A decisão confirma a proporcionalidade destas medidas, mas impõe um procedimento obrigatório. O país que queira agir contra uma plataforma sediada noutro Estado-membro não pode, em regra, avançar sozinho e de forma direta. Salvo situações de extrema urgência, deve primeiro pedir às autoridades do país onde a plataforma está registada que adotem as sanções ou medidas de controlo necessárias.
França no centro da batalha judicial
A decisão surge após vários anos de processos judiciais entre associações de proteção de menores, o Estado francês e empresas ligadas à indústria pornográfica, nomeadamente a Webgroup Czech Republic e a NKL Associates, editoras dos sites Xvideos e XNXX.
Estas empresas tinham recorrido aos tribunais em França em dezembro de 2021 e janeiro de 2022, depois de terem sido ameaçadas com a aplicação de controlos de verificação de idade nos seus sites. A disputa surgiu poucos meses após a publicação de um decreto francês que determinava que as plataformas não podiam afastar a sua responsabilidade perante menores recorrendo apenas a uma simples declaração de maioridade por parte do utilizador.
Chamado a pronunciar-se, o Conselho de Estado francês, o mais alto tribunal administrativo do país, remeteu o caso para o Tribunal de Justiça da União Europeia em março de 2024.
Documento ou fotografia podem ser exigidos
Desde a entrada em vigor da lei francesa SREN, em 2024, e da publicação de uma portaria interministerial, os editores de sites pornográficos são obrigados a verificar a idade dos utilizadores através de mecanismos como o envio de uma fotografia ou de um documento de identidade, sob pena de bloqueio.
A obrigação aplica-se também a sites pornográficos alojados na União Europeia, mas fora de França, sempre que disponibilizem conteúdos a utilizadores franceses.
Em resposta, a Aylo, gigante da indústria pornográfica sediada no Chipre e dona de plataformas como YouPorn e Pornhub, suspendeu o acesso aos seus sites em França.
Menores online sob maior vigilância
O acórdão europeu reforça a margem dos Estados-membros para atuar na proteção de menores online, mas também procura equilibrar essa intervenção com as regras do mercado digital europeu e com a necessidade de coordenação entre países.

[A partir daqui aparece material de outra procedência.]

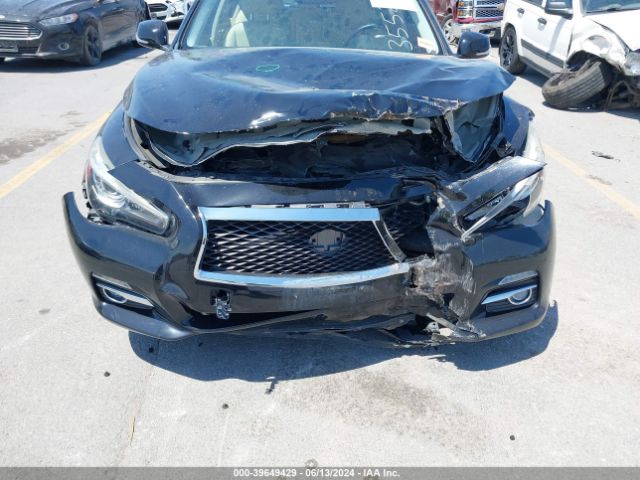 Photo 5 VIN: JN1CV7AR1GM251507 - INFINITI Q50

Na prática, os Estados podem exigir sistemas de verificação mais robustos do que uma simples confirmação de idade feita pelo próprio utilizador. Ao mesmo tempo, quando a plataforma está sediada noutro país da União Europeia, a atuação deve passar primeiro pelas autoridades desse Estado, exceto em casos urgentes.
O ‘El Mundo’ recorda que a União Europeia já tinha lançado, no final de março, uma nova ofensiva na proteção de menores online, suspeitando que quatro sites pornográficos, Pornhub, Stripchat, XNXX e XVideos, poderiam estar a violar obrigações relativas à proteção dos jovens.

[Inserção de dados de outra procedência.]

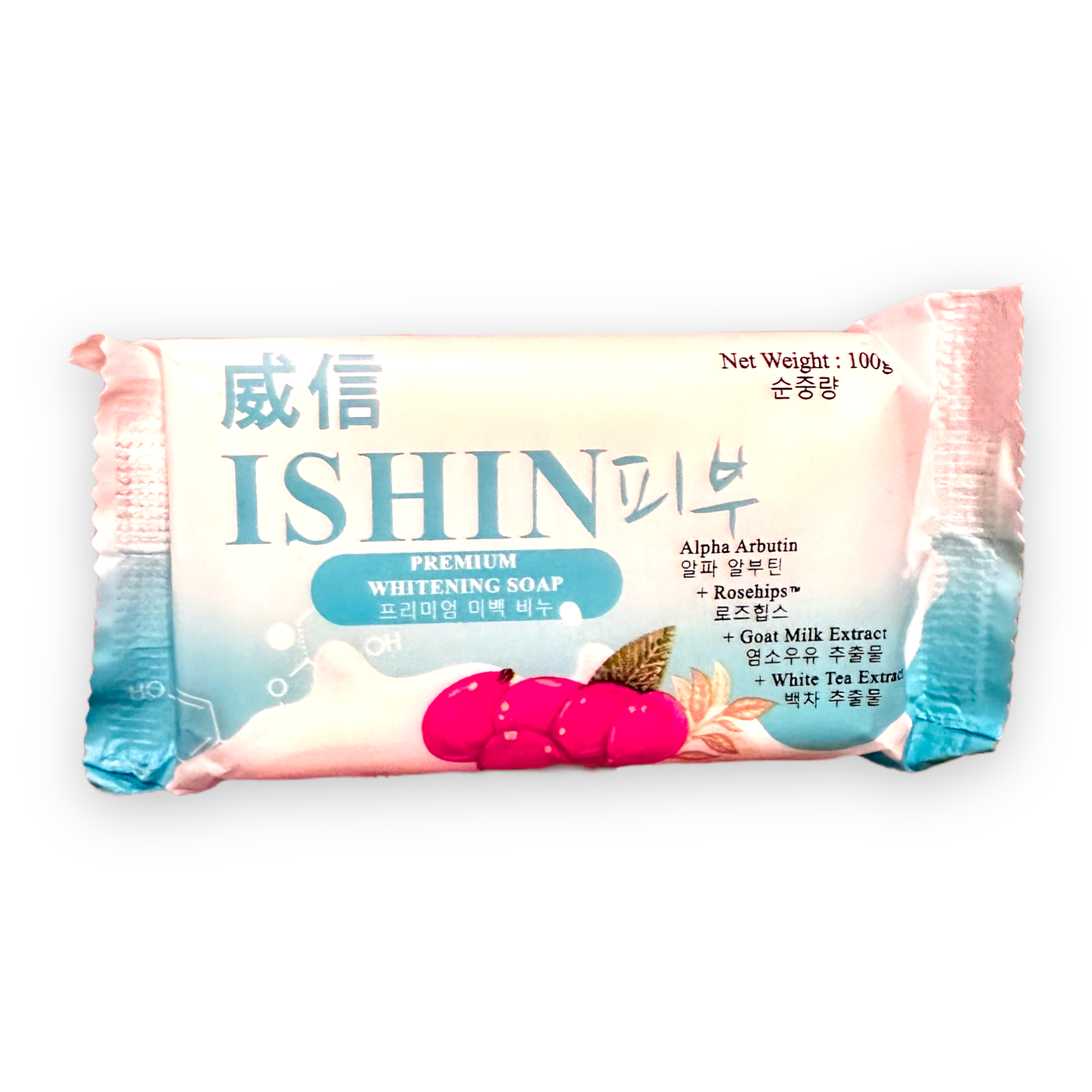 Ishin - Premium Whitening Soap 100g - My Care Kits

A decisão do Tribunal de Justiça da União Europeia representa, assim, um golpe para a indústria pornográfica online e reforça a pressão sobre as plataformas para adotarem sistemas de verificação de idade mais exigentes. Para os utilizadores, significa que o acesso a estes sites poderá passar a depender de prova documental, fotografia ou outros mecanismos capazes de comprovar a maioridade.